8. Getting away from it all
Firstly, you always need to bear in mind budgetary constraints of the whole party, and ensure the bride pays for nothing. But with the rise of budget airlines, it is getting cheaper and cheaper to slip away for a weekend. Depending on where you are in the US, think about anywhere close you could have a weekend blow out. Mexico, Vegas, even Disneyworld (if you must, but it’s a little tame.) You will all have the freedom of being away from home to moderately misbehave and can pack in lots of activities into 48 hours.
7. Do not pass GO!
If you are staying closer to home, in case you forget exactly where you live, a cool idea is a Monopoly bar crawl. Most cities have their own versions now, so you don’t need to go all the way to Baltic Avenue to have a drink in every bar on every street on the board. Even if you don’t have a local version, design one! Okay, it does sound like an excuse for bar hopping. That’s because it is.
6. Plan ahead
Have a look at what’s going on in your locality. There may be an awesome music festival, a carnival, state fair, etc. where you can all let your hair down, act like goofy kids and eat junk food whilst spinning around on dubiously maintained rides. With the big day coming up, it’s a perfect way to de-stress and regress to childhood a little. It has the added bonus of putting you off funnel cake and cotton candy for a few years, too.
5. Road trip!
Hey, why not? It’s cheap and much more fun if you don’t plan it like a military maneuver. Think Thelma and Louise en masse. Don’t be afraid to spin the car around a turn that’s in an unknown direction, see new places, gossip in the car, and stop wherever you damn well like. Cars are not just for work and back, or getting groceries.

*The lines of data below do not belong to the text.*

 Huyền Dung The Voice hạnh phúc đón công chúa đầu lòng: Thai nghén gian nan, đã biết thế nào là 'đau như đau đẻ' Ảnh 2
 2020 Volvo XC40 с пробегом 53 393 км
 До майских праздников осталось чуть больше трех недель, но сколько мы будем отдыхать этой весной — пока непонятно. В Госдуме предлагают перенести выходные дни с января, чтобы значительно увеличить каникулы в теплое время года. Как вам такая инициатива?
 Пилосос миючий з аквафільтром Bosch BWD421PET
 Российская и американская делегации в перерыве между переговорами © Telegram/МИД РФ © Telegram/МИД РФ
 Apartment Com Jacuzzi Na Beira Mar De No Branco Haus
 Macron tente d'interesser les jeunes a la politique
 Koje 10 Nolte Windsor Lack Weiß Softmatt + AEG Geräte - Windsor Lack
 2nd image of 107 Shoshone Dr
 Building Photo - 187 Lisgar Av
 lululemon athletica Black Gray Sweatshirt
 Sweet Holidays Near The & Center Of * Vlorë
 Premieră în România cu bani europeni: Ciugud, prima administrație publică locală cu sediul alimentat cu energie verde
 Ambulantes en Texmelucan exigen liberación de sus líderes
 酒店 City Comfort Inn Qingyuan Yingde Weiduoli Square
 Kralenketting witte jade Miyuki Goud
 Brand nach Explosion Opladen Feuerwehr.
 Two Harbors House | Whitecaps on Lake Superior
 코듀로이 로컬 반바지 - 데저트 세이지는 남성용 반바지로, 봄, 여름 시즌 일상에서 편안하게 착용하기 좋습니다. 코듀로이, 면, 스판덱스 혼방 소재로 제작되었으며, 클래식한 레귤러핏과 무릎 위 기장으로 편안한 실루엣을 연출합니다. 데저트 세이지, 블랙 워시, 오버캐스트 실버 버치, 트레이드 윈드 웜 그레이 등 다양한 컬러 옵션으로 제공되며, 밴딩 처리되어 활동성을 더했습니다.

Find out what the bride loves to eat, and make sure (wedding dress permitting) that she gets tons of it. There are loads of dairies that do ice cream tastings, chocolate factories that do gourmet chocolatier courses (how swank is that?., wine tastings, even cat fish frys. It’s her party, and as the organizer it is your goal, nay, duty to make sure she indulges herself at every opportunity.
3. Competitive Challenges
There is no reason the boys should get to do the fun things whilst you girls are supposed to be having a needlepoint party. A vigorous go-kart race, paintball session, or sporting event are a great way to blow off steam and have a happy, tiring, dirty time whilst spending time with the gals. Don’t worry about breaking nails, focus on breaking skulls.
2. I’m a pretty princess
Okay, it had to come up at some point. Every girl loves to be pampered so it’s easy to consider a spa treatment. Try to be more original with it though. Rather than just your average massage and sauna, go for something more exotic like Reiki or acupuncture. The harder it is to pronounce the better, and if you understand what they will do to your group, you don’t want it. Make sure it’s at least an all-day thing too; it’s not very special if it’s like rushing in to get your nails done.
1. I Spy
Ah, the eternal chestnut, the scavenger hunt. To do it right, it takes some research and preparation, but it doesn’t have either be scrubbing around in the dirt, or a bar crawl. With a modicum of forethought, you can devise devilish questions and queues that leads the teams around the city/town, taking in restaurants, bars, clubs, local attractions, etc.
Done well, it can occupy a whole day. It is a great chance for members of the party who may not be as close as some of the others to interact, and at the end there can be silly little prizes and a venue booked somewhere with vittles’ to placate the weary scavengers. Who will suddenly not be quite so weary when the disco/karaoke kicks in.